▶ [Exercise instructions] Your reply should set down word for word each line below from the one with "Summer Blue Pink" through the final line, both included, but none of the pictures.

*** Opening Data records ***

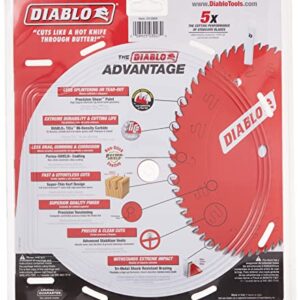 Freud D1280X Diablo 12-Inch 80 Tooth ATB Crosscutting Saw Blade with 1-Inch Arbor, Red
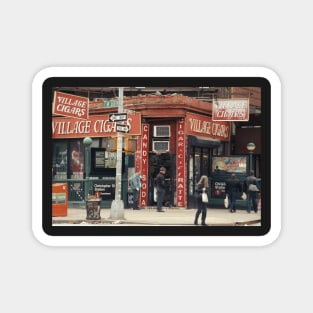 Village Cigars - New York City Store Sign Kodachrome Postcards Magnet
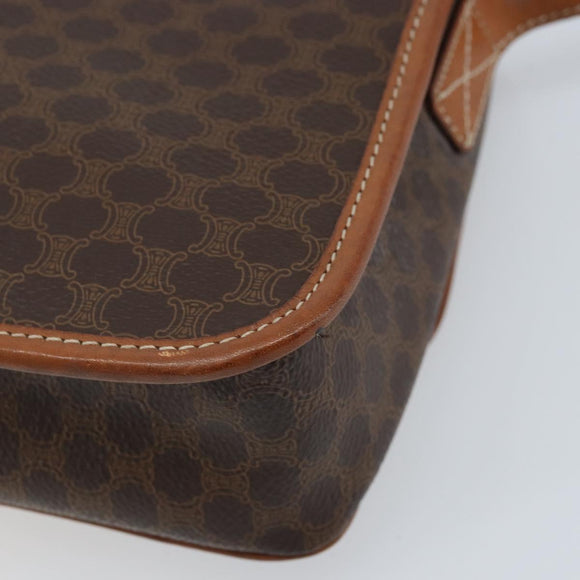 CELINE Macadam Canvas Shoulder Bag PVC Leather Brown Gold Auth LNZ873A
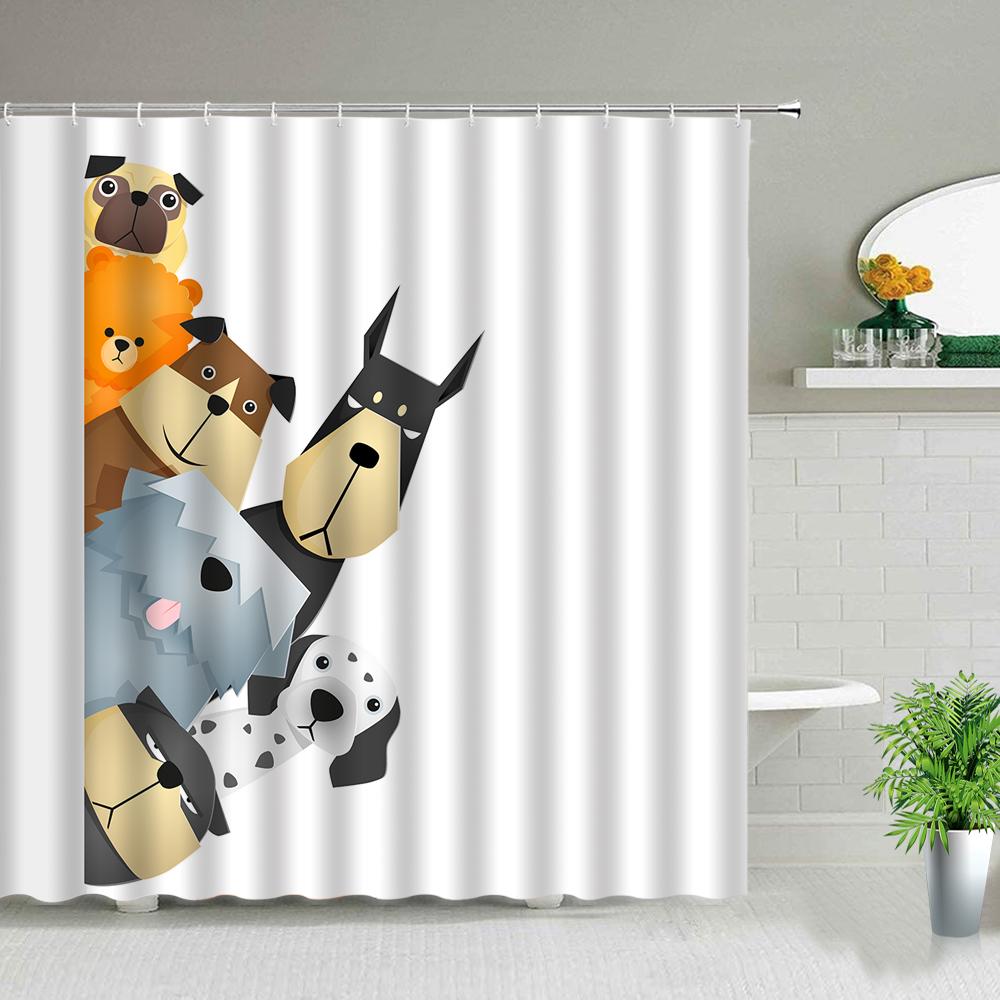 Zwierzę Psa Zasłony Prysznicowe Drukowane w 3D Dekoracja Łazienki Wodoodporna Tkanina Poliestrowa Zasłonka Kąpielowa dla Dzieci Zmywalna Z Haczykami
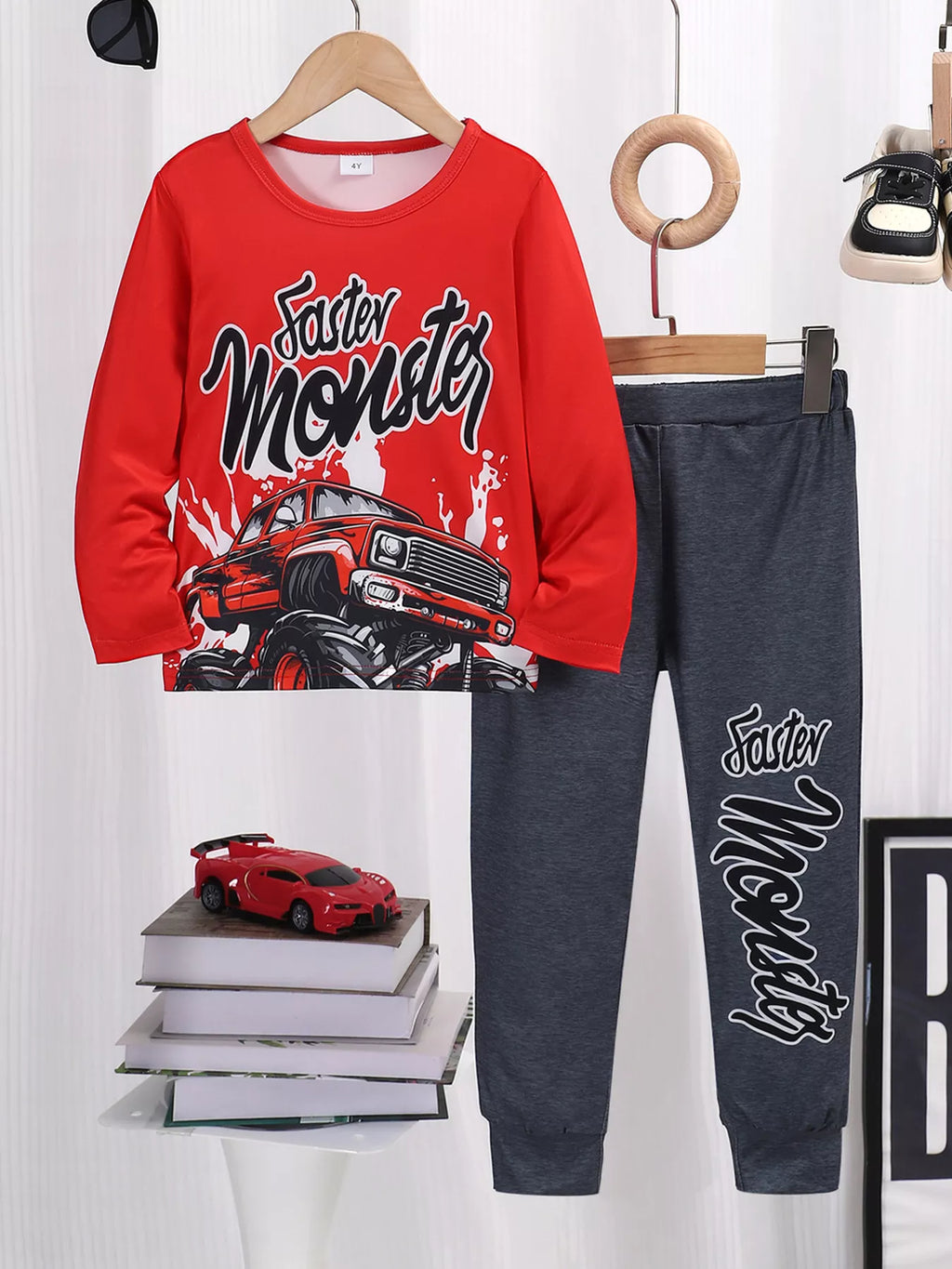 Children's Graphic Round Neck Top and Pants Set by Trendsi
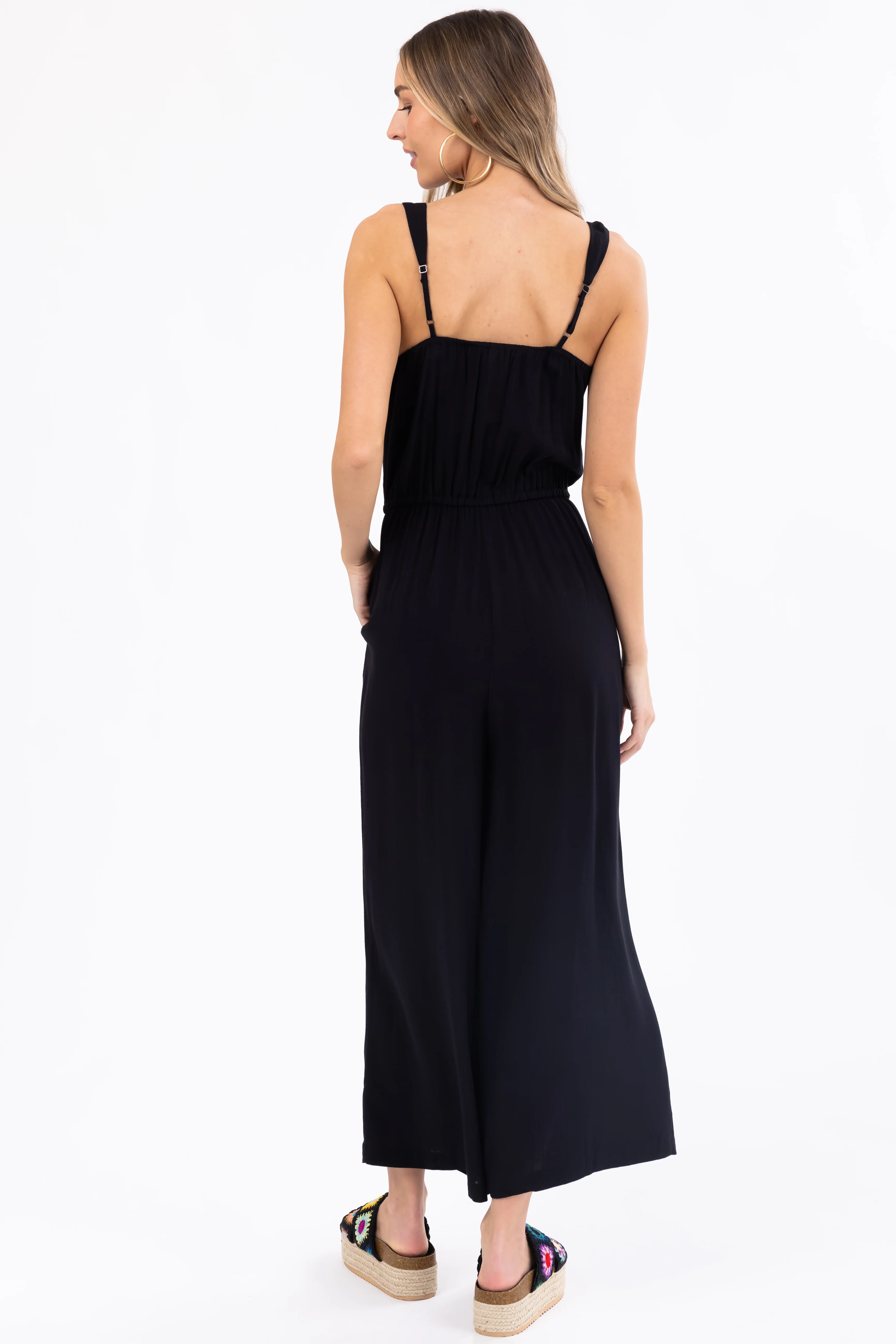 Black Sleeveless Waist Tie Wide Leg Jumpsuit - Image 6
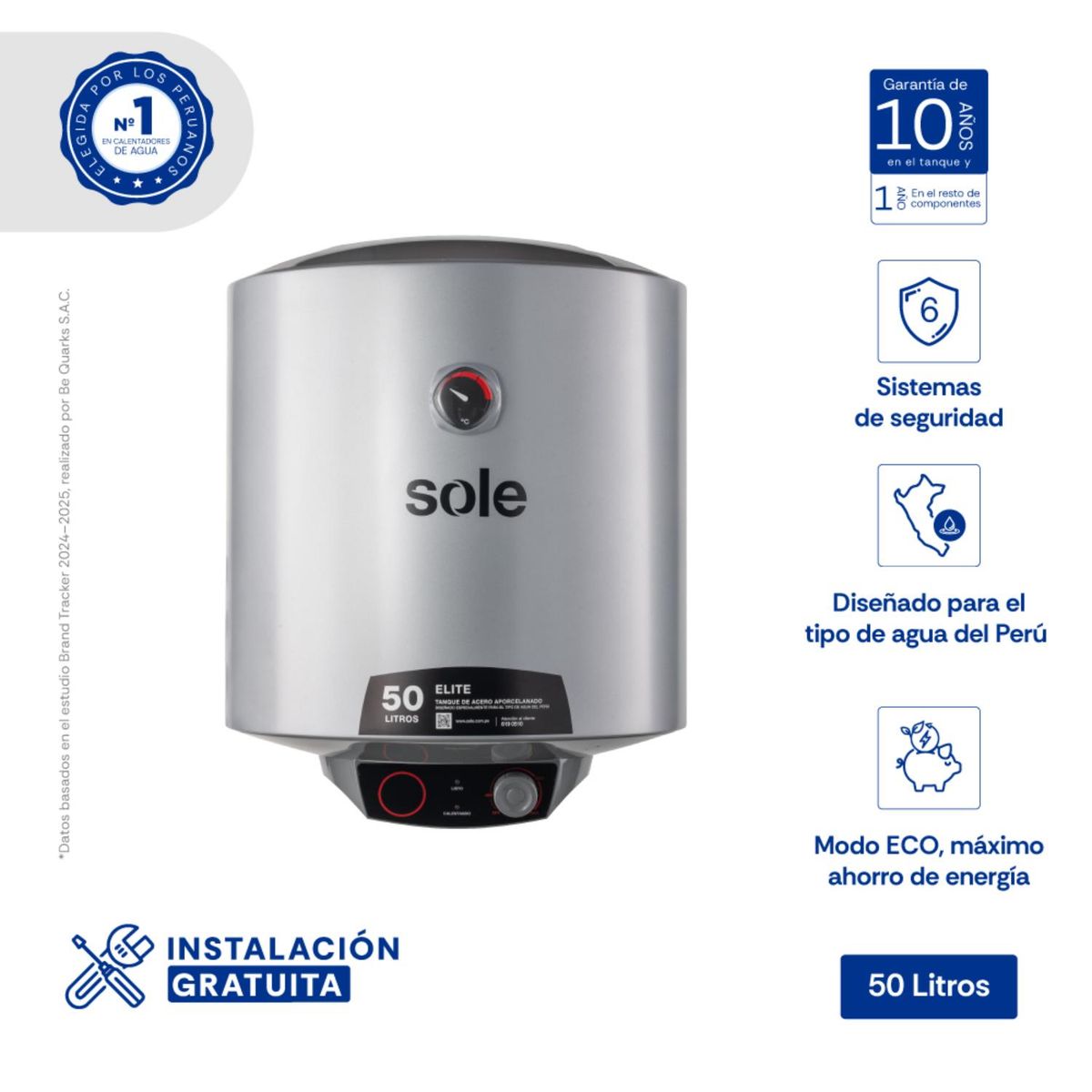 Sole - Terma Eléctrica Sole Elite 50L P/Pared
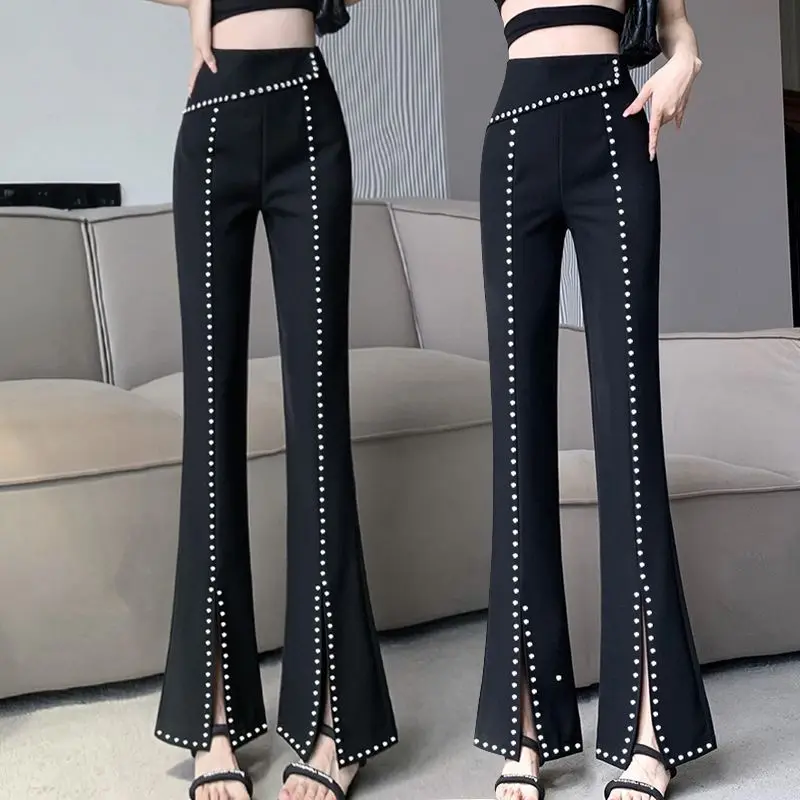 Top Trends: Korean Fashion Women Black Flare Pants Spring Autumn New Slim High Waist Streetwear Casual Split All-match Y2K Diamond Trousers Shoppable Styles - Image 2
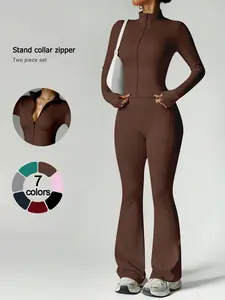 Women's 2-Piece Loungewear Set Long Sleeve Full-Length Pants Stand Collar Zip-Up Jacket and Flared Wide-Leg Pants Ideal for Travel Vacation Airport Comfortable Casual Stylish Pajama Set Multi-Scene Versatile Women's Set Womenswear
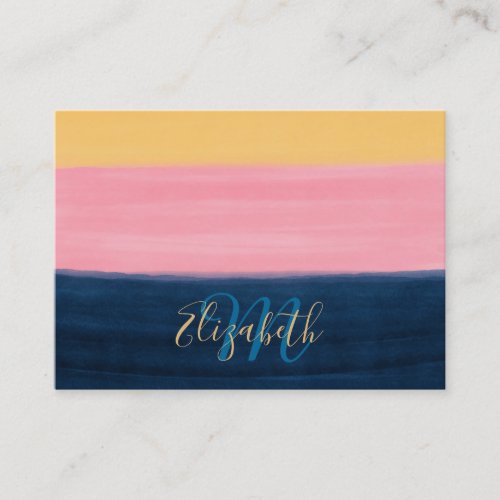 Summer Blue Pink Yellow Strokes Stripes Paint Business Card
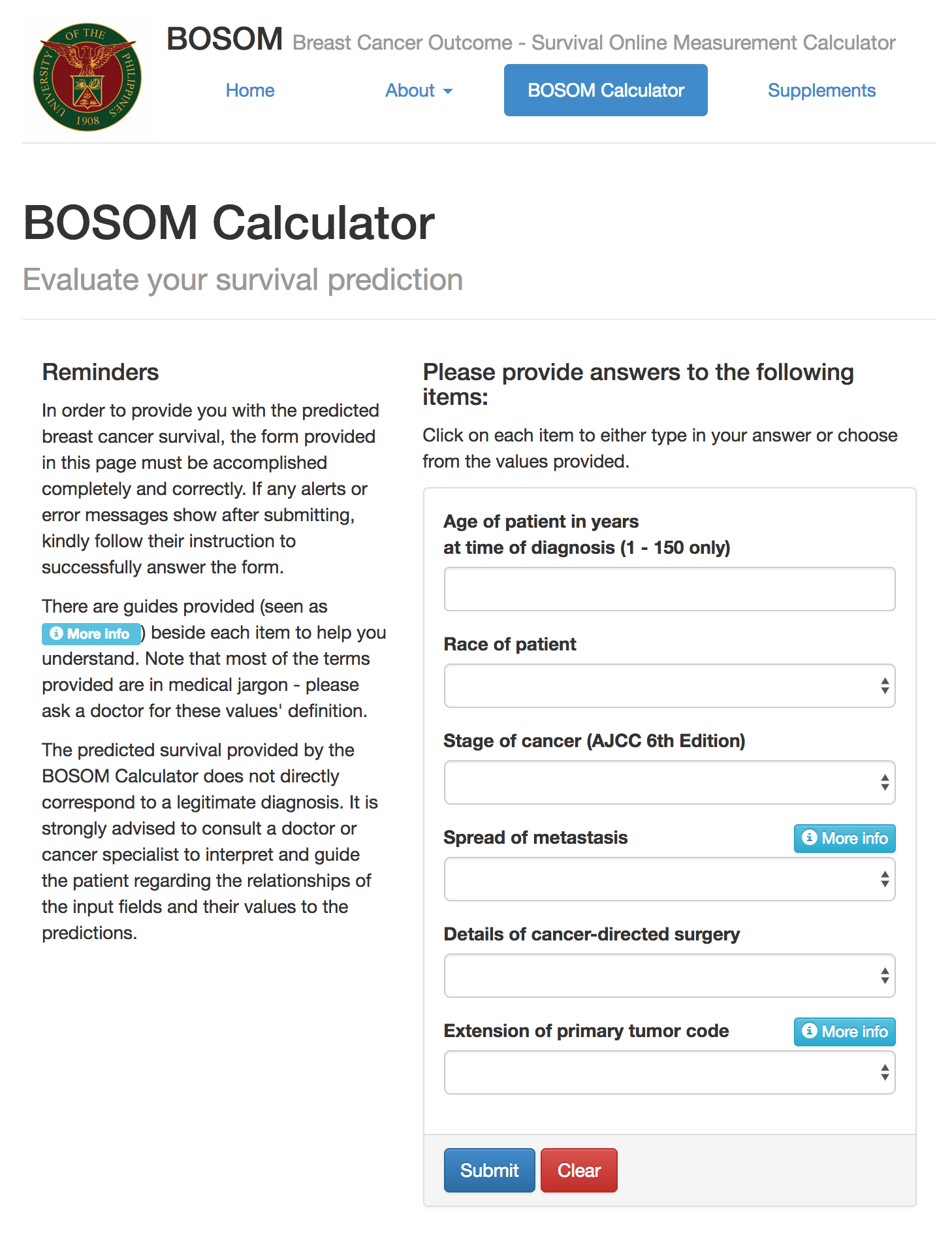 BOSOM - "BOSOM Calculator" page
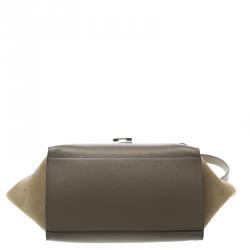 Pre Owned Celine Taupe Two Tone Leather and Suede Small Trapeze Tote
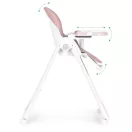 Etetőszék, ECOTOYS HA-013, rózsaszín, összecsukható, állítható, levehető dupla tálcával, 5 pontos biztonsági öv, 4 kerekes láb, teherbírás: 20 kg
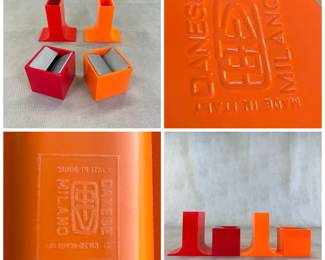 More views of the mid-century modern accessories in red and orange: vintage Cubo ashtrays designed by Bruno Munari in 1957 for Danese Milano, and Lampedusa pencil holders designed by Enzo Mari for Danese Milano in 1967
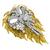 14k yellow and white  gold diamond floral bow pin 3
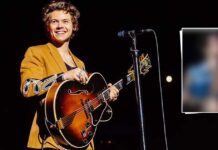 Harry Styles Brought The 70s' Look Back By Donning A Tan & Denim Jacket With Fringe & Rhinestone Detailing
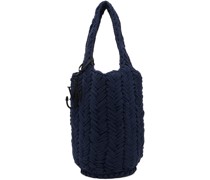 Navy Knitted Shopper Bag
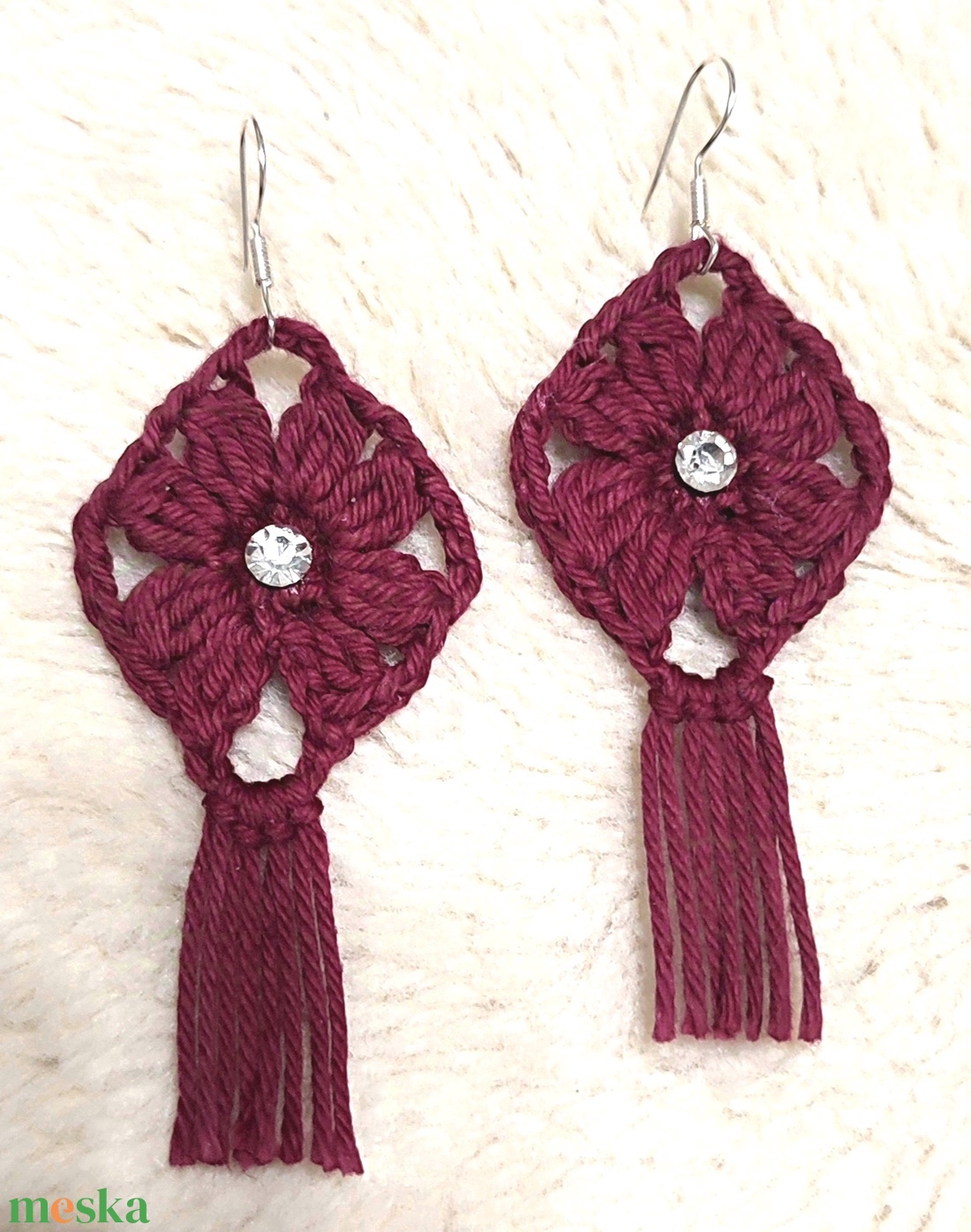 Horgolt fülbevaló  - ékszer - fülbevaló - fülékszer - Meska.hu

*** Closing Data records ***

▶ [Answer space]
 Summer Blue Pink Yellow Strokes Stripes Paint Business Card
 BOSOM - "BOSOM Calculator" page
 Pre Owned Celine Taupe Two Tone Leather and Suede Small Trapeze Tote
 Etetőszék, ECOTOYS HA-013, rózsaszín, összecsukható, állítható, levehető dupla tálcával, 5 pontos biztonsági öv, 4 kerekes láb, teherbírás: 20 kg
 More views of the mid-century modern accessories in red and orange: vintage Cubo ashtrays designed by Bruno Munari in 1957 for Danese Milano, and Lampedusa pencil holders designed by Enzo Mari for Danese Milano in 1967
 14k yellow and white  gold diamond floral bow pin 3
 Harry Styles Brought The 70s' Look Back By Donning A Tan & Denim Jacket With Fringe & Rhinestone Detailing
 Navy Knitted Shopper Bag
 Horgolt fülbevaló  - ékszer - fülbevaló - fülékszer - Meska.hu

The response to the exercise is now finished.